Certes, le style inimitable du cinéaste, qui l’a déjà fait comparer à l’immense Tarkovski avec ses superbes images et son penchant pour l’onirisme et la poésie, n’a pas changé. Sissako n’a pas été formé pour rien en Russie et, tout en gardant une sensibilité africaine, il a su garder le meilleur des enseignements esthétiques de la grande « école » soviétique du septième art. Il persiste aussi dans sa méfiance face au récit traditionnel, le refus d’une intrigue trop linéaire. Bamako, film foisonnant, souvent drôle, multiplie donc avec bonheur les échappées hors du sujet principal, en nous invitant à vivre en compagnie des nombreux habitants de la cour. Et il convie aussi le spectateur à suivre plusieurs fois une sorte de film dans le film. Comme lorsqu’il raconte, dans une séquence émouvante, l’errance de Noirs du Sahel, candidats à l’émigration en Europe. Ou lorsqu’il offre un miniwestern à l’italienne – avec Dany Glover en vedette – racontant comment un cow-boy à la tête d’une bande redoutable tente de convaincre, armes à la main, les habitants d’un village qu’ils pourraient vivre aussi bien avec moins de médecins et d’instituteurs.

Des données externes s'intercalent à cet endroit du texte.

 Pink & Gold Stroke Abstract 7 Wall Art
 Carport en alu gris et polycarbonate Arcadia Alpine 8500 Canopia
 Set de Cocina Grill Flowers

Cependant, pour la première fois dans un film de Sissako, le propos politique est central. Dans la maison qui sert de décor, celle-là même où le cinéaste a passé son enfance, on assiste comme « en temps réel » au procès entre la société civile africaine et les institutions financières internationales. Les débats semblent largement improvisés et sont montrés comme dans un documentaire. Les protagonistes sont d’ailleurs non pas des acteurs mais des individus jouant leur propre rôle. Des juristes, comme les célèbres avocats français William Bourdon et Roland Rappaport, l’un dans le rôle du procureur en chef et l’autre en tant que défenseur principal de la Banque mondiale, et un véritable président de tribunal d’un quartier de Bamako, qui mène les débats, tous trois se révélant excellents comédiens. Et des témoins de l’accusation, tous issus de la population locale, connus (Aminata Traoré, par exemple) ou inconnus (d’anciens employés de sociétés publiques ou d’administrations qui ont été « compressés » ou « déflatés » lors de privatisations).

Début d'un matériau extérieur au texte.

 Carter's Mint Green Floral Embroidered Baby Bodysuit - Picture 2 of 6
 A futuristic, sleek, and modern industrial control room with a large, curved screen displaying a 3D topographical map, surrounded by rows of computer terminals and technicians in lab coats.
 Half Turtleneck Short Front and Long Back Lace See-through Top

Dans ce dispositif, par essence théâtral, il n’y a guère de place pour des démonstrations subtiles. Si la défense a souvent la parole, pour tenter d’expliquer que la Banque mondiale a pu se tromper mais ne veut que le bien des Africains, ses arguments pèsent de peu de poids par rapport à ceux des accusateurs. Ces derniers se contentent souvent d’asséner des slogans connus – les altermondialistes ne cessent de les marteler – et de se lancer dans des diatribes enflammées pour dénoncer le scandale de la dette et les dégâts provoqués par les « plans d’ajustement structurels ». Ou pour stigmatiser la volonté des Occidentaux d’imposer aux Africains un « modèle » de développement supposé optimal et universel -, lequel a d’ailleurs varié au cours du temps et n’a jamais démontré son efficacité. Même quand on approuve pour une bonne part ces critiques de la mondialisation libérale, on n’apprend là rien de bien nouveau.
Le film ne peut toujours éviter le piège du didactisme. Mais sans que jamais cela n’invalide son propos ni ne ternisse sa beauté. Parce qu’il prétend moins apporter une vérité d’« expert » qu’un témoignage. Et parce qu’il ne s’en tient pas au seul procès en donnant à voir aussi tout ce qui se passe d’heureux et de malheureux dans la vie quotidienne des Africains. Voilà pourquoi on ne saurait attribuer au seul goût des festivaliers cannois pour le « politiquement correct » que représente la défense de « l’Afrique victime » l’accueil chaleureux qu’ils ont réservé à Bamako. Il était temps, se sont-ils dits avec raison, qu’un cinéaste africain de talent consacre enfin un film à un tel sujet.